What you are asked to do: Wherever a picture sits, omit it. Output the rest of the listing exactly.

Data for the task:
++++++++++

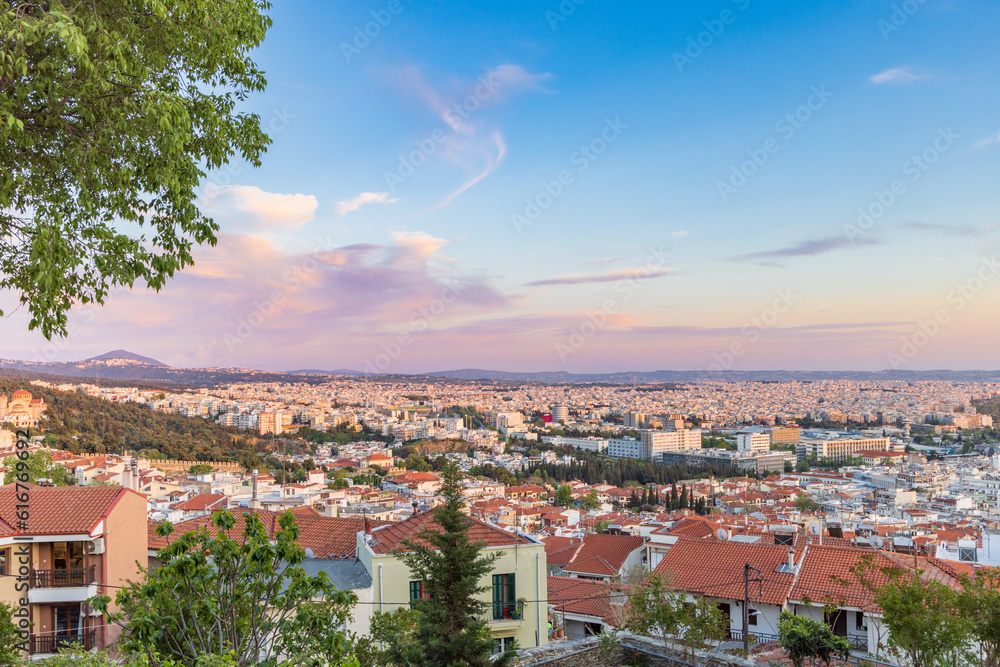 Panoramic View during sunset from old city wall with Saint Paul church Ano Poli Thessaloniki in Central Macedonia in Greece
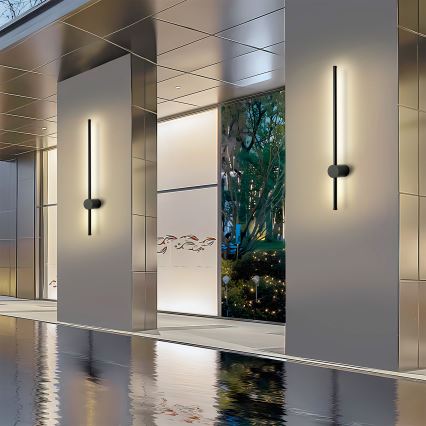 Brilagi - AURA LED utomhusvägglampa 12W/230V 3000K IP54 65 cm svart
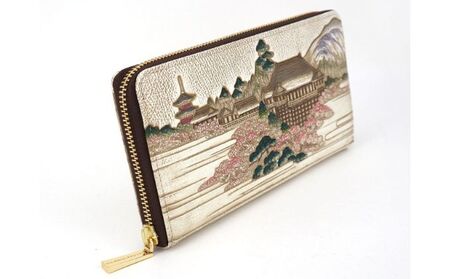 【文庫屋大関】大容量　ぐるっとファスナーの長財布　浮世絵　清水寺【皮革工芸品】 ファッション 小物 仕切り カードポケット ロングポケット 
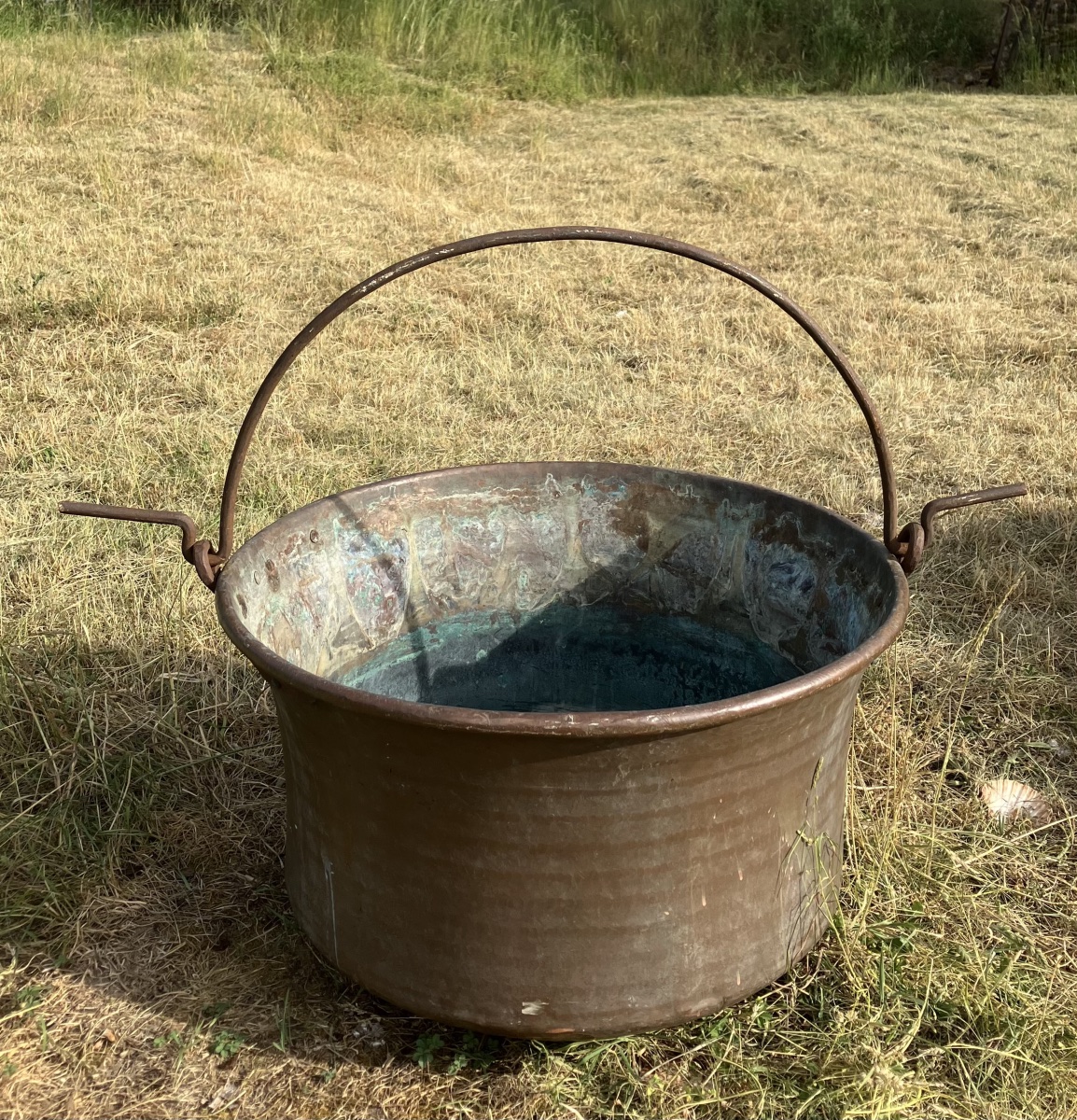 Copper Cauldron With Handle Planter Garden Decoration Basin-photo-3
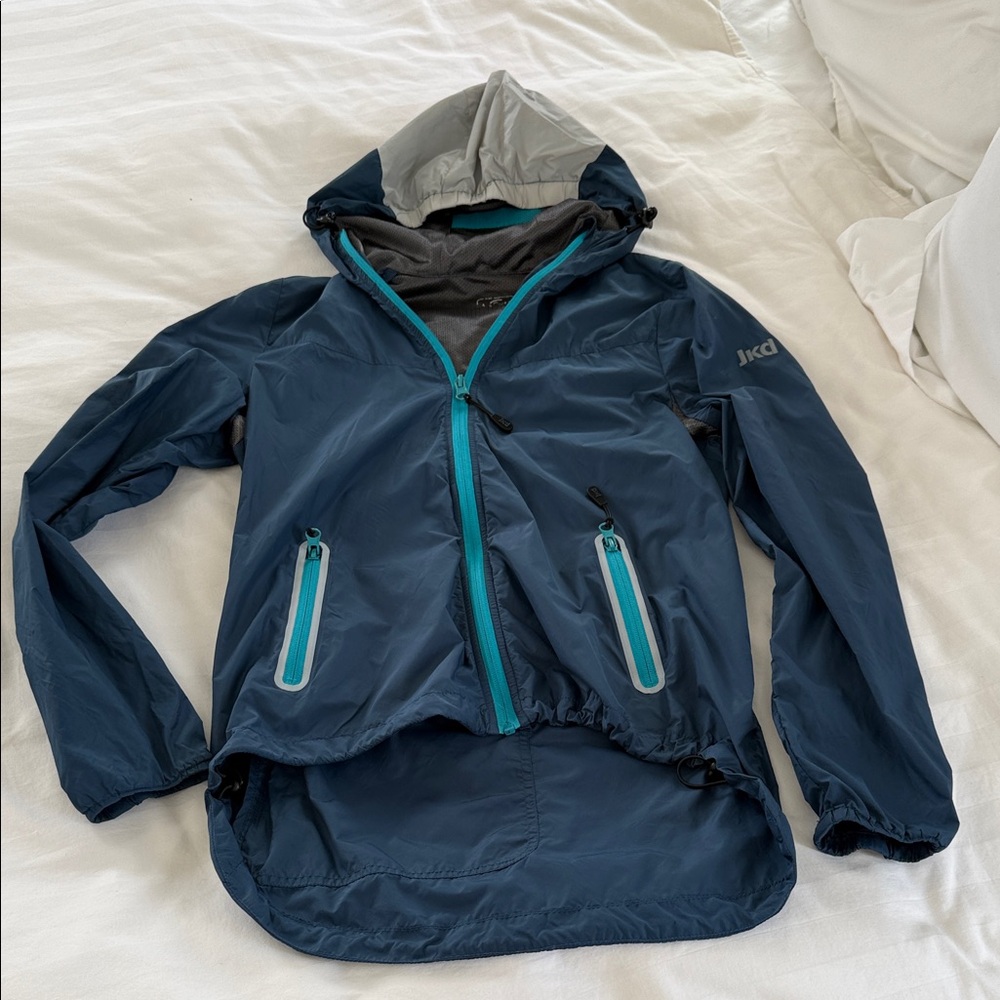 Navy Hooded Windbreaker with Teal Accents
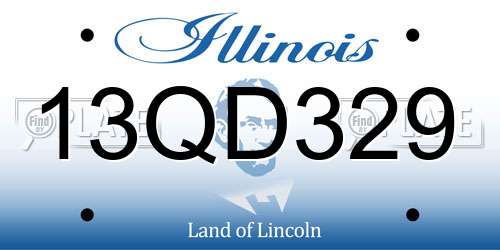 13QD329 Illinois License Plate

++++++++++

Answer to the problem:
 Panoramic View during sunset from old city wall with Saint Paul church Ano Poli Thessaloniki in Central Macedonia in Greece
 Brilagi - AURA LED utomhusvägglampa 12W/230V 3000K IP54 65 cm svart
 【文庫屋大関】大容量　ぐるっとファスナーの長財布　浮世絵　清水寺【皮革工芸品】 ファッション 小物 仕切り カードポケット ロングポケット 
 Copper Cauldron With Handle Planter Garden Decoration Basin-photo-3
 Navy Hooded Windbreaker with Teal Accents
 13QD329 Illinois License Plate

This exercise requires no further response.